Recent YouGOV research shows that 1 in 5 employers has rejected a candidate based on their social media usage, with large organisations being the most likely to snoop – and the most likely to turn candidates away.
But is it fair to reject candidates based on their social media use, and at what point does the unwillingness to work with someone whose opinions, beliefs or lifestyle clash with your own edge into discriminatory territory? How much should someone’s private life matter, compared to their ability to do their job? Do companies simply need to calm down about social media?
Take a recent example from one of our clients – having made it through their extensive interview process, he was hired by a top international ad agency. The agency loved him, his skill set was ideal and he’d been given a start date – then, seemingly out of the blue, the agency withdrew their offer. A friend of the hiring manager had seen some of the candidate’s tweets, prompting the agency’s decision to go in a different direction.
These tweets weren’t illegal or offensive – they were simply opinions.It’s also worth emphasising that his expression of these opinions was enough to cause the agency to withdraw their offer despite having met him in person several times. The question of “putting employers off” in the pre-interview stage is open enough – after all, who wants to be pre-judged based on a Facebook profile picture and short description? But this wasn’t a case of taking disembodied opinions out of context. They were already familiar with him, and still found this sufficient to withdraw their offer.
Not only could rejecting a candidate based on their personal beliefs be considered discriminatory, it’s questionable whether it is best for a business to simply hire candidates who all think the same way as each other. Do we really want to live in a society where there’s an ‘accepted’ way to think, and expressing an alternative political view can cost someone their career?
We opened the question up for debate on LinkedIn and found our connections were divided – many made the valid point that any information available is in the public domain, and that candidates should be social-media savvy, while others also raised the question of discriminatory practices. It’s undeniable that anyone working in the digital sphere should be aware of their digital profile – but now that we live in an era where children grow up with social media profiles, is it really fair to punish them years down the line for a poorly protected tweet? Is it possible that a hiring manager whose swamped with applications could simply look at your Facebook profile and decide they don’t like the look of you? Could it be that, actually, putting your personal profiles under a different name or deleting them entirely is the best way to go?
Well, no, not necessarily – becausesocial media bias can go both ways. If you’re looking for job opportunities in digital, London recruitment firms and hiring managers often check your social media for quite a different reason: to assess your ‘personal brand’. If you’ve a lot of followers or a high profile presence, that can work in your advantage. But again, should this really be the case? It could be argued that someone who is dedicating their career to raising their clients’ profile may be too busy, or simply unwilling, to dedicate the same efforts to their own social accounts – so should we expect their jobs to spill over into their private lives, simply to prove a point?

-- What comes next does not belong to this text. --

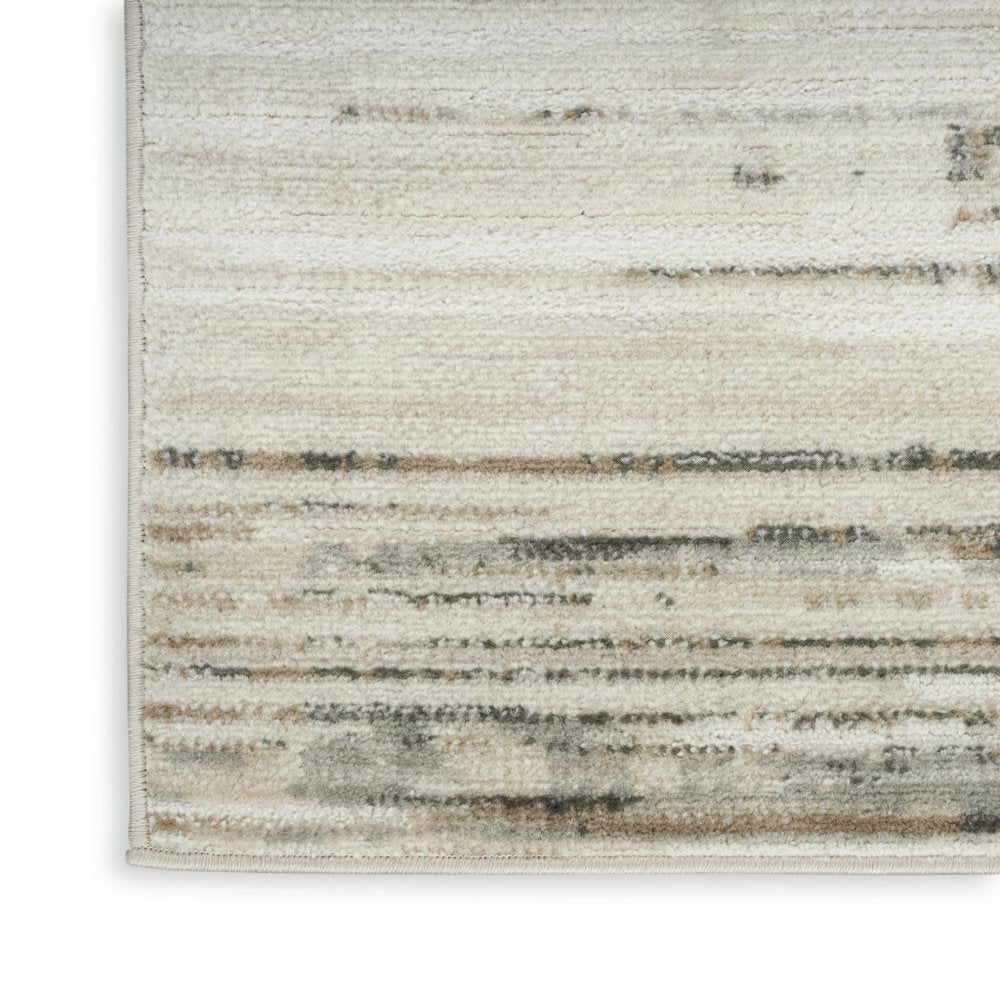 4' X 6' Cream Abstract Distressed Area Rug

Recently, a senior social director we were working with was eventually turned down from a role at a global media agency because he had no personal Facebook or LinkedIn profile. His argument was that he’d been doing his job for ten years at major agencies, to great success. Why should he need to prove his worth like that?

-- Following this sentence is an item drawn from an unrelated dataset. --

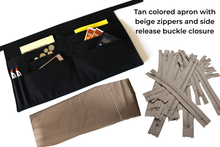 Load image into Gallery viewer, Black half apron with two zipper pockets for waitress server vendor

Whether you believe that a social media check is no difference from due diligence or that it’s an invasion into our private lives, it’s clear that it’s a choppy course which should be navigated with great caution. So, candidates – if you’re wondering why you’re being turned down for ideal roles on a regular basis, it could be that a social media healthcheck is in order. And employers – maybe consider cutting candidates a little slack about their online lives. Face-to-face interviews are by far the best way to figure out whether that comment you’re questioning was tongue in cheek or sincere – and ultimately, suitability for the role should be more important than whether you support the same political party.